Se,
como todos sabem, as palavras voam, e só a escrita permanece, qual o
propósito de deitar estas linhas sobre a entrevista de uma autoridade?
Em que pese a sabedoria desse velho adágio, a comunicação verbal adquire
relevância sempre que envolve alguém imbuído de poderes virtualmente
ilimitados e que traduz autêntico “sincericídio” sobre o modo como o
poderoso em questão tem exercido sua posição de mando e pretende
continuar a fazê-lo.
Em evento
recente organizado pela revista Piauí, o ministro Alexandre de Moraes
tornou a monopolizar os holofotes e concedeu uma entrevista divulgada
pelo periódico sob a manchete “MORAES DIZ QUE EM SEIS MESES JULGARÁ
CASOS MAIS GRAVES DO 8 DE JANEIRO”[1].
Trocando a toga pelo manto de suposto justiceiro, Moraes, erigido, logo
no início da reportagem, à figura que “personificou o esforço do
Judiciário em lidar com a extrema direita organizada” – afinal,
personalismo pouco é bobagem! -, começou por gabar a própria eficiência,
segundo ele, evidenciada pelo acúmulo de processos sob sua condução. Em
relação a seu burnout, afirmou, em tom quase irônico: “não ganho mais
por causa disso, eu não trabalho menos e sou vigiado 24 horas por dia.
Bom não pode ser.”
No entanto,
a contrapartida a todo o “heroísmo” alexandrino é a crescente
concentração de poder nas mãos de alguém enxergado, por boa parte da
sociedade, quase como o juiz único do Brasil. Inebriado pela ânsia de
determinar o que pode ou não ser dito e o que pode ou não ser feito,
Moraes tem apreciado condutas de pessoas que, à luz da Constituição e
das leis, não estariam sob sua jurisdição, como foram os casos dos
empresários ditos “golpistas de Whatsapp”, das plataformas digitais, dos
governadores Ibaneis e Zema, do ex-ministro Anderson Torres e tantos
outros, discutidos em detalhes neste espaço. Tudo isso sob o silêncio
conivente de seus pares e do Senado, ao qual cabe a função institucional
de contenção de abusos da cúpula judiciária. Ou, pelo menos, caberia…
Indagado
por jornalistas sobre a receita para a aceleração no ritmo de julgamento
dos acusados de participação nos atos de vandalismo do 8 de janeiro,
Moraes admitiu que as condutas de cada invasor não serão analisadas
individualmente, pois “é um caso de condutas múltiplas. Quem estava lá
participou. Não preciso dizer que fulano quebrou a cadeira A ou riscou o
quadro B. Estar lá [invadindo prédios públicos] já é crime.” Em relação
a esse tópico, me permita, caro leitor, uma breve digressão sobre uns
poucos tecnicismos, apenas para que você seja capaz de avaliar, por si
mesmo, toda a extensão da “singularidade” da manifestação do togado.
Em
situações em que vários indivíduos se reúnam para a prática (“concurso
de pessoas”) de um certo delito, e, ainda, nas hipóteses em que uma
pessoa, por meio de mais de uma conduta, incorra em mais de um crime
(“concurso de crimes”), cabe ao Ministério Público, ao propor a ação
penal, descrever os fatos e atribuir a cada agente a prática de uma ou
mais infrações, conforme evidenciado pelas provas.
Da mesma forma como o
julgador tem de absolver ou condenar cada réu por uma ou várias
condutas bem definidas, até mesmo para poder fixar a pena cabível. Isso
importa, sim, na obrigatoriedade imposta a qualquer magistrado de
afirmar se “fulano quebrou a cadeira A, ou riscou o quadro B”, e,
acrescento ainda, se “fulano quebrou a cadeira A e riscou o quadro B”.

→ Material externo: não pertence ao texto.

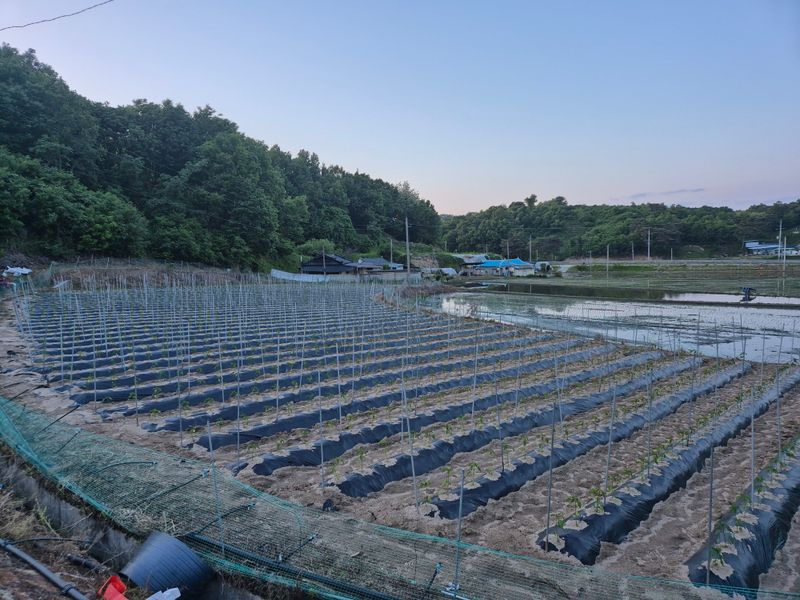 장터 상품 [생강팔아요] 썸네일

Ora, qualquer leigo entende que a deterioração de objetos configura
crime de dano, diferente do delito da invasão em si, e que um agente que
tiver invadido e destruído dezenas de antiguidades não poderá ser
punido da mesma forma que um invasor destruidor de um único objeto
acessório de valor ínfimo, e, muito menos, do mesmo modo que alguém que
tiver invadido sem nada danificar!
Tal conclusão óbvia decorre do princípio da individualização da pena, adotado em todo o mundo democrático e no Brasil[2],
segundo o qual, no âmbito criminal, cada pessoa só pode responder por
sua própria conduta, devendo o julgador levar em consideração todas as
especificidades, caso a caso. Mas quem disse que o redentor da nossa
democracia, em sua luta gloriosa contra extremistas, tem de se curvar
aos ditames constitucionais?
O filme “O
homem que não vendeu sua alma” retrata o período final da trajetória de
Sir Thomas More, notável intelectual do século XVI, jurisconsulto e
membro da corte de Henrique VIII, no tormento de seus últimos anos.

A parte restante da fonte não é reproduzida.